◆ ABOUT THIS TASK ◆
Restate the records that follow. Every word must match.

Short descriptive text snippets
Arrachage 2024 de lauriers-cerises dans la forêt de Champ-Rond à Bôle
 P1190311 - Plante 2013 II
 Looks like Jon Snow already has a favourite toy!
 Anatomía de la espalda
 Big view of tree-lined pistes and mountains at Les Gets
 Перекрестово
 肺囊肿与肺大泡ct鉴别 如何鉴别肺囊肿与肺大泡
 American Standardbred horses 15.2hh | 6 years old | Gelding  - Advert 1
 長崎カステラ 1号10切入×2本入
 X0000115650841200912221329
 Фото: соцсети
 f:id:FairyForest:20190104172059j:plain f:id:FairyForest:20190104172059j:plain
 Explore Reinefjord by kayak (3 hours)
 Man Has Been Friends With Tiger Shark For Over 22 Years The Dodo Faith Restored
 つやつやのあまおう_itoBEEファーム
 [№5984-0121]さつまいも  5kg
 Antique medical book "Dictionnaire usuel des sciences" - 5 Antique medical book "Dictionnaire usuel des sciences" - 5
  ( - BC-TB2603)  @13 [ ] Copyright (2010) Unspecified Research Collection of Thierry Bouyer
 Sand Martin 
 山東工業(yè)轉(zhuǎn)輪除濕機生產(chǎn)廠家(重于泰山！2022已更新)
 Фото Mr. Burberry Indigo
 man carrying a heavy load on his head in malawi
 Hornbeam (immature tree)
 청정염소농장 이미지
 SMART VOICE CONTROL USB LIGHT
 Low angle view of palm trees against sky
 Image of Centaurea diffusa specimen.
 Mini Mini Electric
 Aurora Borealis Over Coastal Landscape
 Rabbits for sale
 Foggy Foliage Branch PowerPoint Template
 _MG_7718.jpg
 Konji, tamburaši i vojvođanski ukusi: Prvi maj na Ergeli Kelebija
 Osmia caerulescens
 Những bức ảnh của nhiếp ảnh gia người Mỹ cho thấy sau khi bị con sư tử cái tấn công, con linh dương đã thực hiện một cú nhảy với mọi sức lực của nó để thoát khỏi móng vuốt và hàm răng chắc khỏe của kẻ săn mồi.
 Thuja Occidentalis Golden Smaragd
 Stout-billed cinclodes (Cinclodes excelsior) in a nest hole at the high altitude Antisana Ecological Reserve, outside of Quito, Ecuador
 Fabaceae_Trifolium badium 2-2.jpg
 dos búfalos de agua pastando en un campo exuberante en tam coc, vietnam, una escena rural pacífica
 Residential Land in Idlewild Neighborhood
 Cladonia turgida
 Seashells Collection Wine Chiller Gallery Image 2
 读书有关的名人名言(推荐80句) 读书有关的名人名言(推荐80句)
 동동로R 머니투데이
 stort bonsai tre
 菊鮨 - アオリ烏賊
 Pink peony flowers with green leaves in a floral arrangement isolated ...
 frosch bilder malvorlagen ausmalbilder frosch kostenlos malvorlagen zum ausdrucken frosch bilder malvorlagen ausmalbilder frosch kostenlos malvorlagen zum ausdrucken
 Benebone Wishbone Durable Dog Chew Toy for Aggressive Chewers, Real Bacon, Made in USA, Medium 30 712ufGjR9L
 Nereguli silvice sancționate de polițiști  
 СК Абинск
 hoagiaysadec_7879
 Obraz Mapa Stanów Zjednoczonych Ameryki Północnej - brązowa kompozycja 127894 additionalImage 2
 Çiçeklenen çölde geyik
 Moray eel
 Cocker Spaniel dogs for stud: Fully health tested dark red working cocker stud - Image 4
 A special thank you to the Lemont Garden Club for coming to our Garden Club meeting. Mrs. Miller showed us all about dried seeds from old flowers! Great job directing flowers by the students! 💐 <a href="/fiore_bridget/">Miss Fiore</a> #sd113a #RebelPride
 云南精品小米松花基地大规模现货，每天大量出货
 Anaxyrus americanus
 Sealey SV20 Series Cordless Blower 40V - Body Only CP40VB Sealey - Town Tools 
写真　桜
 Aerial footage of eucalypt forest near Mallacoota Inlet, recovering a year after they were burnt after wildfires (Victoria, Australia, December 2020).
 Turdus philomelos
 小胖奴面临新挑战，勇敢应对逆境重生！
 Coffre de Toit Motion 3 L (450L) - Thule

◆ TASK RESPONSE ◆
Arrachage 2024 de lauriers-cerises dans la forêt de Champ-Rond à Bôle
 P1190311 - Plante 2013 II
 Looks like Jon Snow already has a favourite toy!
 Anatomía de la espalda
 Big view of tree-lined pistes and mountains at Les Gets
 Перекрестово
 肺囊肿与肺大泡ct鉴别 如何鉴别肺囊肿与肺大泡
 American Standardbred horses 15.2hh | 6 years old | Gelding  - Advert 1
 長崎カステラ 1号10切入×2本入
 X0000115650841200912221329
 Фото: соцсети
 f:id:FairyForest:20190104172059j:plain f:id:FairyForest:20190104172059j:plain
 Explore Reinefjord by kayak (3 hours)
 Man Has Been Friends With Tiger Shark For Over 22 Years The Dodo Faith Restored
 つやつやのあまおう_itoBEEファーム
 [№5984-0121]さつまいも  5kg
 Antique medical book "Dictionnaire usuel des sciences" - 5 Antique medical book "Dictionnaire usuel des sciences" - 5
  ( - BC-TB2603)  @13 [ ] Copyright (2010) Unspecified Research Collection of Thierry Bouyer
 Sand Martin 
 山東工業(yè)轉(zhuǎn)輪除濕機生產(chǎn)廠家(重于泰山！2022已更新)
 Фото Mr. Burberry Indigo
 man carrying a heavy load on his head in malawi
 Hornbeam (immature tree)
 청정염소농장 이미지
 SMART VOICE CONTROL USB LIGHT
 Low angle view of palm trees against sky
 Image of Centaurea diffusa specimen.
 Mini Mini Electric
 Aurora Borealis Over Coastal Landscape
 Rabbits for sale
 Foggy Foliage Branch PowerPoint Template
 _MG_7718.jpg
 Konji, tamburaši i vojvođanski ukusi: Prvi maj na Ergeli Kelebija
 Osmia caerulescens
 Những bức ảnh của nhiếp ảnh gia người Mỹ cho thấy sau khi bị con sư tử cái tấn công, con linh dương đã thực hiện một cú nhảy với mọi sức lực của nó để thoát khỏi móng vuốt và hàm răng chắc khỏe của kẻ săn mồi.
 Thuja Occidentalis Golden Smaragd
 Stout-billed cinclodes (Cinclodes excelsior) in a nest hole at the high altitude Antisana Ecological Reserve, outside of Quito, Ecuador
 Fabaceae_Trifolium badium 2-2.jpg
 dos búfalos de agua pastando en un campo exuberante en tam coc, vietnam, una escena rural pacífica
 Residential Land in Idlewild Neighborhood
 Cladonia turgida
 Seashells Collection Wine Chiller Gallery Image 2
 读书有关的名人名言(推荐80句) 读书有关的名人名言(推荐80句)
 동동로R 머니투데이
 stort bonsai tre
 菊鮨 - アオリ烏賊
 Pink peony flowers with green leaves in a floral arrangement isolated ...
 frosch bilder malvorlagen ausmalbilder frosch kostenlos malvorlagen zum ausdrucken frosch bilder malvorlagen ausmalbilder frosch kostenlos malvorlagen zum ausdrucken
 Benebone Wishbone Durable Dog Chew Toy for Aggressive Chewers, Real Bacon, Made in USA, Medium 30 712ufGjR9L
 Nereguli silvice sancționate de polițiști  
 СК Абинск
 hoagiaysadec_7879
 Obraz Mapa Stanów Zjednoczonych Ameryki Północnej - brązowa kompozycja 127894 additionalImage 2
 Çiçeklenen çölde geyik
 Moray eel
 Cocker Spaniel dogs for stud: Fully health tested dark red working cocker stud - Image 4
 A special thank you to the Lemont Garden Club for coming to our Garden Club meeting. Mrs. Miller showed us all about dried seeds from old flowers! Great job directing flowers by the students! 💐 <a href="/fiore_bridget/">Miss Fiore</a> #sd113a #RebelPride
 云南精品小米松花基地大规模现货，每天大量出货
 Anaxyrus americanus
 Sealey SV20 Series Cordless Blower 40V - Body Only CP40VB Sealey - Town Tools 
写真　桜
 Aerial footage of eucalypt forest near Mallacoota Inlet, recovering a year after they were burnt after wildfires (Victoria, Australia, December 2020).
 Turdus philomelos
 小胖奴面临新挑战，勇敢应对逆境重生！
 Coffre de Toit Motion 3 L (450L) - Thule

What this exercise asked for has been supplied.